Unfortunately for the thieves, Mariette has two suitors: the Major (Charles Ruggles), and François Filiba (Edward Everett Horton), who was robbed in Venice by Gaston (posing as a doctor). François sees Gaston at a garden party, and is sure they have met, but can't immediately recall where. Fearing imminent discovery, Gaston and Lily decide to flee that night with what is in the safe, and not wait for the dividend installment.

Mariette is invited to a dinner party given by the Major. She cannot decide whether to go or to spend the night in bed with Gaston. Eventually she goes, but not before Lily catches on that Gaston has fallen for her rival, and wants to back out of the plan.

At the party, the Major tells François that he once mistook Gaston for a doctor, and François then recalls the Venice incident. François tells Mariette about Gaston, but she refuses to believe it's true.
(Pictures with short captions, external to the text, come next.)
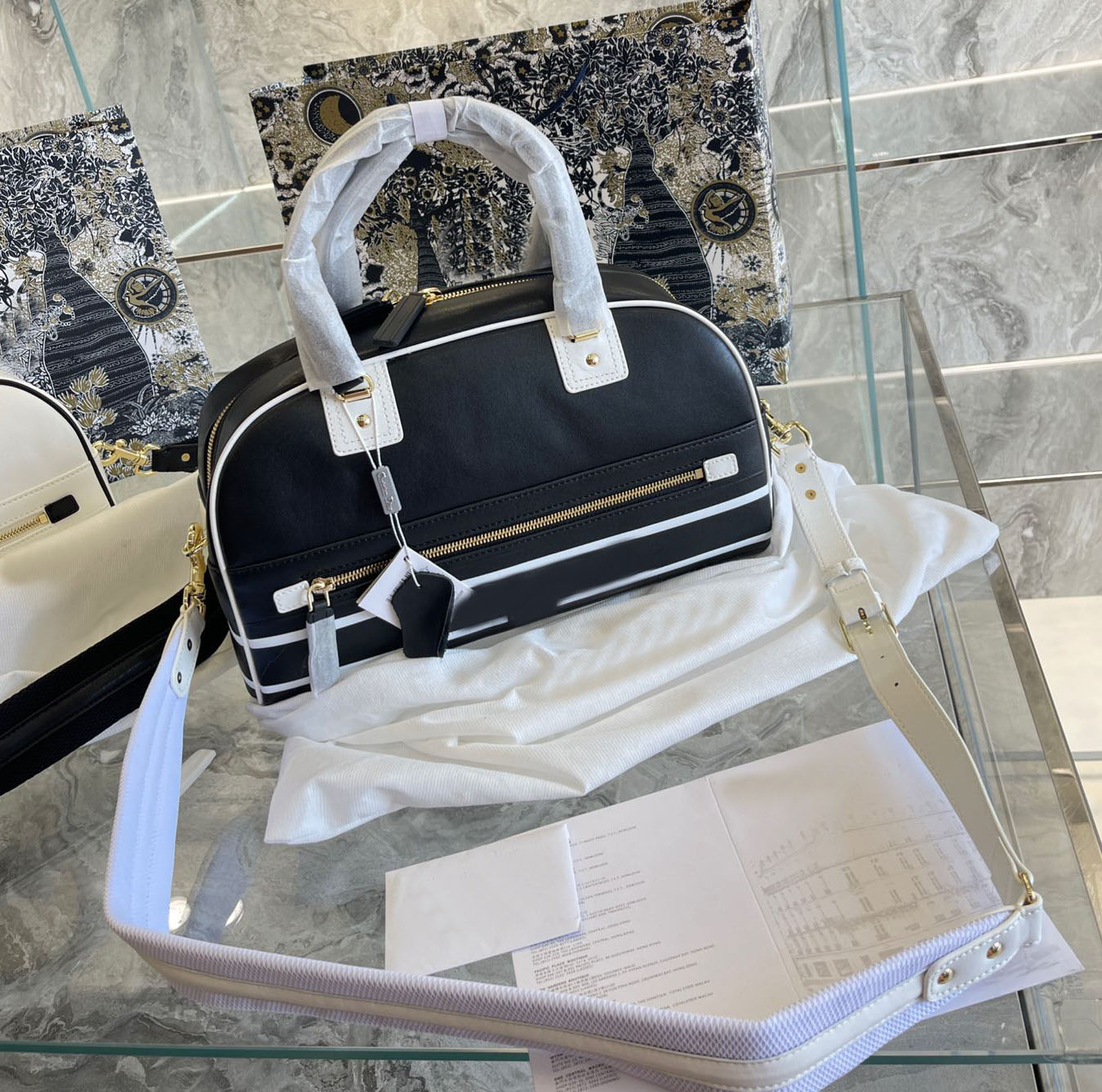 Luxury Designer bag Shoulder Handbags D Quality High Fashion women wallets Clutch totes CrossBody cowhide shopping travel bowling bags Ladies purse 5A handbag, With logo
Luxury Designer bag Shoulder Handbags D Quality High Fashion women wallets Clutch totes CrossBody cowhide shopping travel bowling bags Ladies purse 5A handbag, With logo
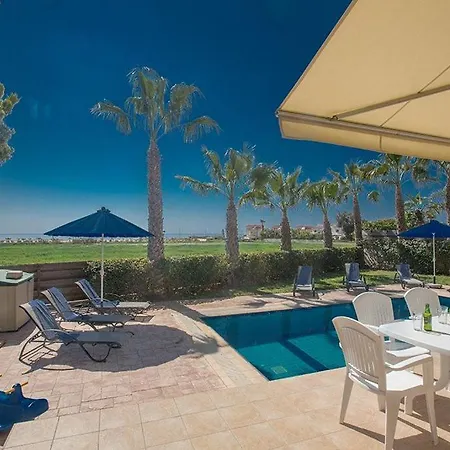 Aspro Enas - Stunning 3 Bedroom Ayia Thekla With Private Pool And Sea Views Villa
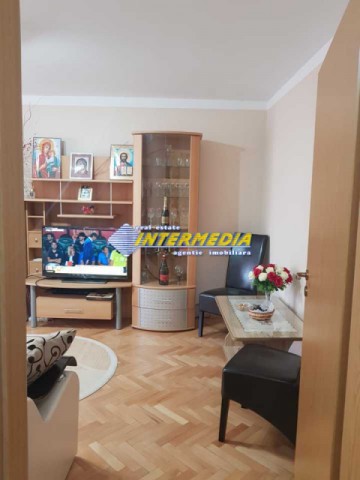 apartament-2-camere-decomandat-de-vanzare-in-cetate-1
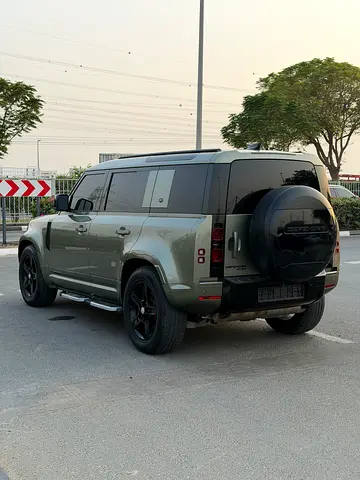 Land Rover Defender 110 SE P400, миниатюра 6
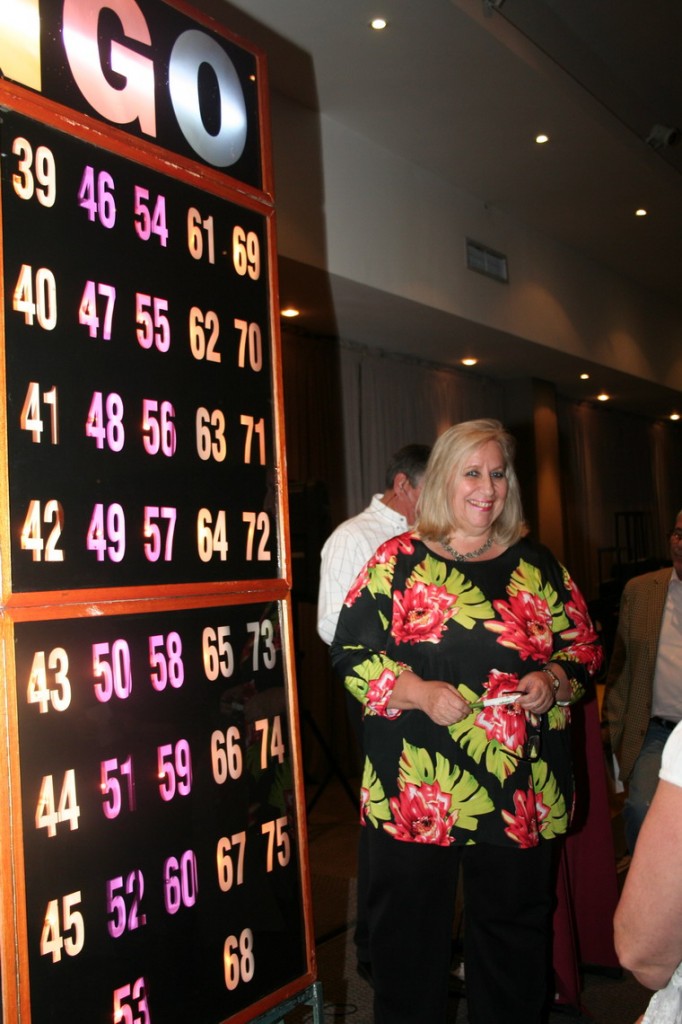 2010-11-18-Chazak-bingo (199)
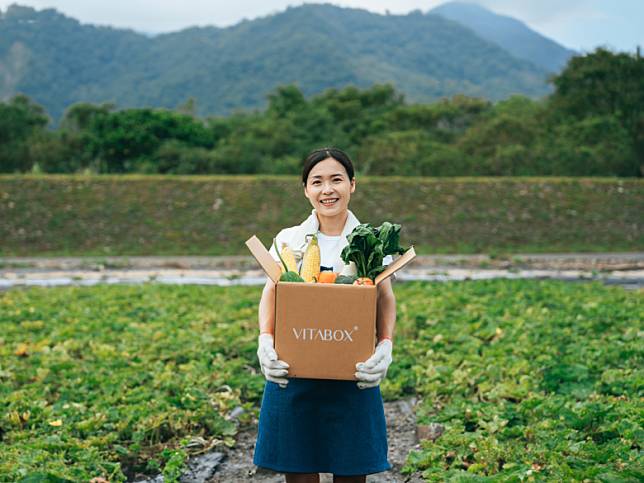 許多人由於生活忙碌導致飲食不規律或因特定身體需求，在日常飲食可能無法獲得足夠的營養素，此時保健食品便成為有效且快速補充的選項。（圖片來源：VITABOX提供）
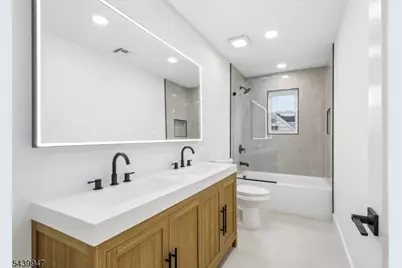 58 Fern St, Edison, NJ 08817 - Photo 3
Lily robs the safe after confronting her partner. Mariette returns home and suggestively probes Gaston, who admits that the safe has been cleaned out, but claims that he took the cash. He also tells her that Monsieur Giron has stolen millions from the firm over the years.

Lily then confronts Mariette and Gaston, admitting that it was she who stole the money from the safe.  She says at first that she doesn't want the money—then says she might as well get it in exchange for Gaston, and leaves. Gaston goes after Lily, then returns to say goodbye to Mariette.  He tells her that as marvelous as their affair would be, it would end with a policeman coming to arrest them both.  As he leaves, Gaston reveals that he took her pearl necklace—which he describes as her gift to Lily—which makes her smile.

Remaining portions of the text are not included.